Back in the early 70s when I was nine years old, I was running into the house one day and I caught a pan on the hob with my arm, knocking boiling water all over myself. I spent a year at Alder Hey Children’s Hospital recovering from the accident, which left me with 365 stitches and first-degree burns to my head, arms, chest and part of my face.
I remember feeling like my face looked horrendous but still having to go to junior school. Somehow, I grew up not being too bothered by it. As I came from a big family, there was a sense that I should just carry on with things and not make a fuss.
In a way, this helped me to become more accepting of my visible difference because my family didn’t make a big deal out of it – though I recognise that it’s good that there’s more support available nowadays, and people can talk about what they’re going through.
At secondary school, I had a decent experience because I had a good group of friends. I found it was actually the teachers who would gossip, and I recall being told at the time I would amount to naught.
Sadly, there was no support for this kind of behaviour in the early 70s. But I recognised their crass comments for what they were, uneducated and just plain rude.
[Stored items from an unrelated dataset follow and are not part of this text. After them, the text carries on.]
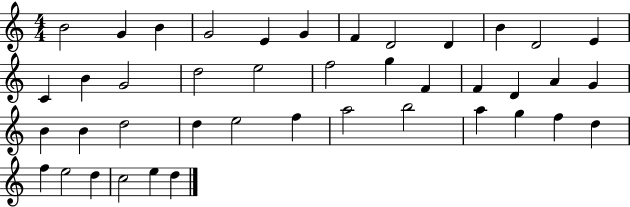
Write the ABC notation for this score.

X:1
T:Untitled
M:4/4
L:1/4
K:C
B2 G B G2 E G F D2 D B D2 E C B G2 d2 e2 f2 g F F D A G B B d2 d e2 f a2 b2 a g f d f e2 d c2 e d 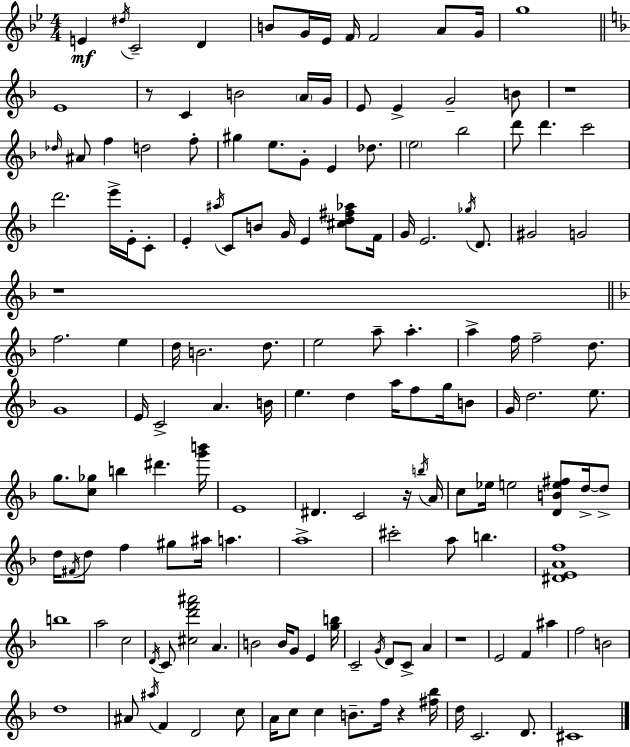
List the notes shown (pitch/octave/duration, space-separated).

E4/q D#5/s C4/h D4/q B4/e G4/s Eb4/s F4/s F4/h A4/e G4/s G5/w E4/w R/e C4/q B4/h A4/s G4/s E4/e E4/q G4/h B4/e R/w Db5/s A#4/e F5/q D5/h F5/e G#5/q E5/e. G4/e E4/q Db5/e. E5/h Bb5/h D6/e D6/q. C6/h D6/h. E6/s E4/s C4/e E4/q A#5/s C4/e B4/e G4/s E4/q [C#5,D5,F#5,Ab5]/e F4/s G4/s E4/h. Gb5/s D4/e. G#4/h G4/h R/w F5/h. E5/q D5/s B4/h. D5/e. E5/h A5/e A5/q. A5/q F5/s F5/h D5/e. G4/w E4/s C4/h A4/q. B4/s E5/q. D5/q A5/s F5/e G5/s B4/e G4/s D5/h. E5/e. G5/e. [C5,Gb5]/e B5/q D#6/q. [G6,B6]/s E4/w D#4/q. C4/h R/s B5/s A4/s C5/e Eb5/s E5/h [D4,B4,E5,F#5]/e D5/s D5/e D5/s F#4/s D5/e F5/q G#5/e A#5/s A5/q. A5/w C#6/h A5/e B5/q. [D#4,E4,A4,F5]/w B5/w A5/h C5/h D4/s C4/e [C#5,D6,F6,A#6]/h A4/q. B4/h B4/s G4/e E4/q [G5,B5]/s C4/h G4/s D4/e C4/e A4/q R/w E4/h F4/q A#5/q F5/h B4/h D5/w A#4/e A#5/s F4/q D4/h C5/e A4/s C5/e C5/q B4/e. F5/s R/q [F#5,Bb5]/s D5/s C4/h. D4/e. C#4/w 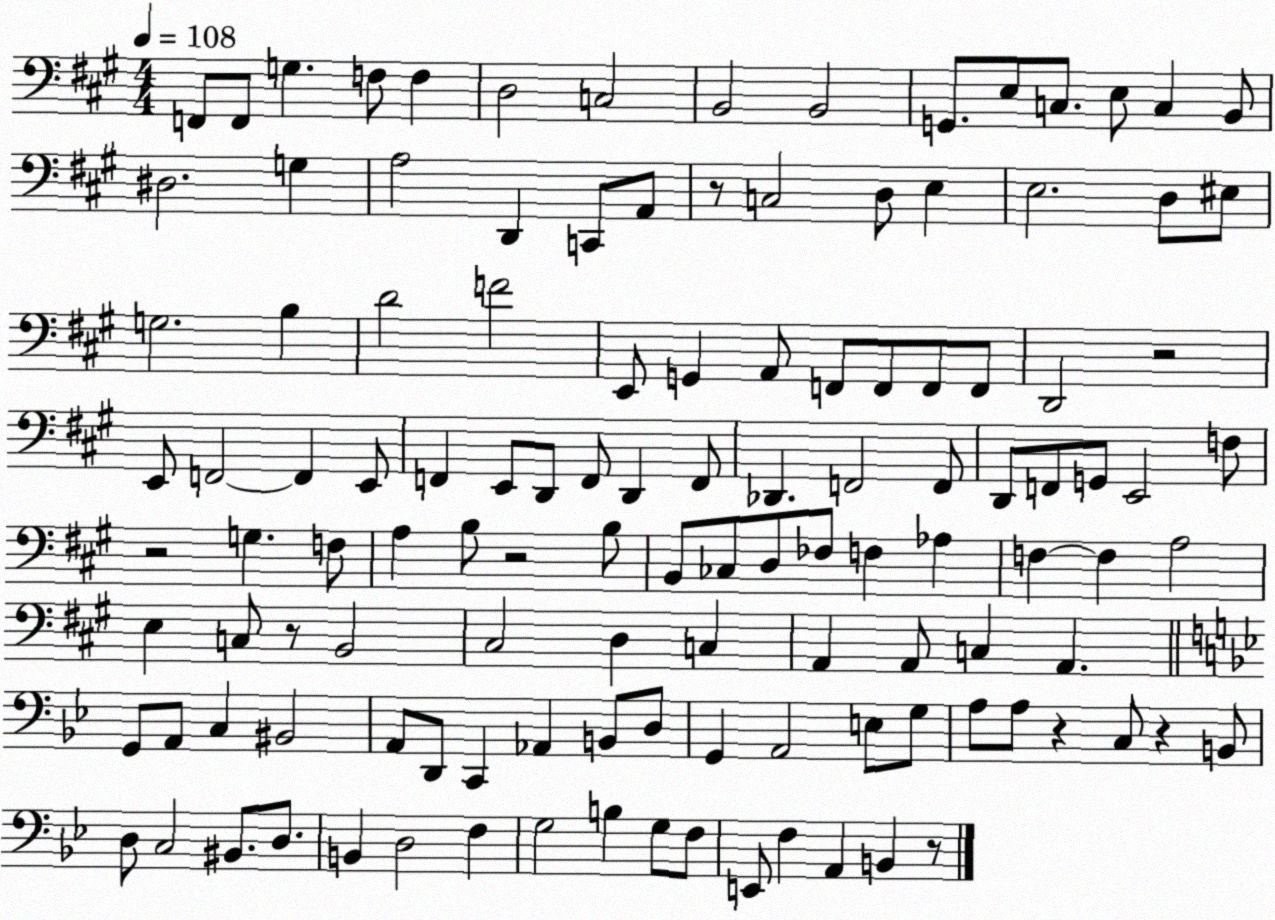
X:1
T:Untitled
M:4/4
L:1/4
K:A
F,,/2 F,,/2 G, F,/2 F, D,2 C,2 B,,2 B,,2 G,,/2 E,/2 C,/2 E,/2 C, B,,/2 ^D,2 G, A,2 D,, C,,/2 A,,/2 z/2 C,2 D,/2 E, E,2 D,/2 ^E,/2 G,2 B, D2 F2 E,,/2 G,, A,,/2 F,,/2 F,,/2 F,,/2 F,,/2 D,,2 z2 E,,/2 F,,2 F,, E,,/2 F,, E,,/2 D,,/2 F,,/2 D,, F,,/2 _D,, F,,2 F,,/2 D,,/2 F,,/2 G,,/2 E,,2 F,/2 z2 G, F,/2 A, B,/2 z2 B,/2 B,,/2 _C,/2 D,/2 _F,/2 F, _A, F, F, A,2 E, C,/2 z/2 B,,2 ^C,2 D, C, A,, A,,/2 C, A,, G,,/2 A,,/2 C, ^B,,2 A,,/2 D,,/2 C,, _A,, B,,/2 D,/2 G,, A,,2 E,/2 G,/2 A,/2 A,/2 z C,/2 z B,,/2 D,/2 C,2 ^B,,/2 D,/2 B,, D,2 F, G,2 B, G,/2 F,/2 E,,/2 F, A,, B,, z/2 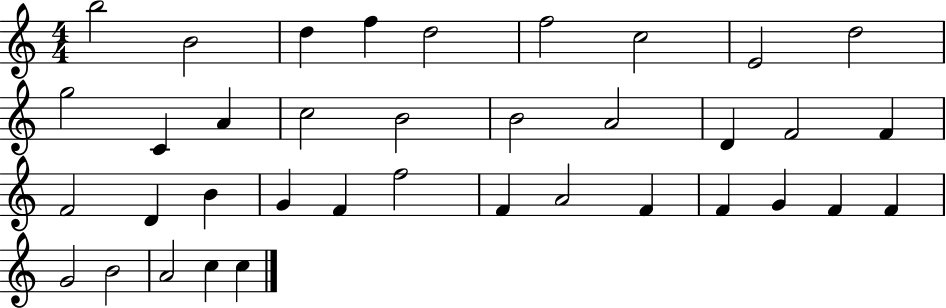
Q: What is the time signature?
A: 4/4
I saw their behaviour as another motivation to prove them all wrong.
Well, I am now 58 years old and have had a long and varied career so far as a capital project manager for the NHS, and as a Royal Air Force (RAF) airman. My colleagues have always been respectful of my scars, particularly in the armed forces.
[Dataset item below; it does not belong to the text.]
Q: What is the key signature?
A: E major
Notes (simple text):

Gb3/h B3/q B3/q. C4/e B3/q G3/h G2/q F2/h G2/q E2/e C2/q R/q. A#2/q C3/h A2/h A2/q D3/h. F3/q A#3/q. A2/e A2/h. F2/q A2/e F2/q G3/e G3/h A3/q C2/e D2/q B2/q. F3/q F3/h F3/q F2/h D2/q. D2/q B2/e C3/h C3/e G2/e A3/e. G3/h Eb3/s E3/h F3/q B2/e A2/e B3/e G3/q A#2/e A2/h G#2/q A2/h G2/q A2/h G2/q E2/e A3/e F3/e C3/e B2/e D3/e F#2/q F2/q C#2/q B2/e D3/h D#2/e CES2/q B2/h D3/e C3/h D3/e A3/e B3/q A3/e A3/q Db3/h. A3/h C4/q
People have asked me questions and made remarks, but I always used these situations as an opportunity to educate them. I think it’s important that people out there understand that just because someone look different, it doesn’t mean they’re incapable of living a full and happy life.
I still work in project management today and have a lovely wife, with whom I celebrated 30 years of marriage not too long ago. I have two children, my son is an engineer, and my daughter is a police officer. I am very proud of my family.
To young people out there who have a visible difference like myself, I’d like to say that your only limits are those you place upon yourself. I have achieved great success in my life, so I encourage you to pursue your ambitions with everything you’ve got.
I have refused to be held back in any way. My scars are still visible, but I genuinely forget I have them most of the time. As I have gone through my life, I have always tried to not be upset by the ignorance of others. Although I can hear the comments, I just smile and think about how great my life has been and still is.
And so I say this to all the other people out there with a visible difference: Your true friends and family will always see the real you, so don’t worry about what anyone else thinks. Remember to persevere in life with a broad smile, for I know that if I can succeed, then you certainly can.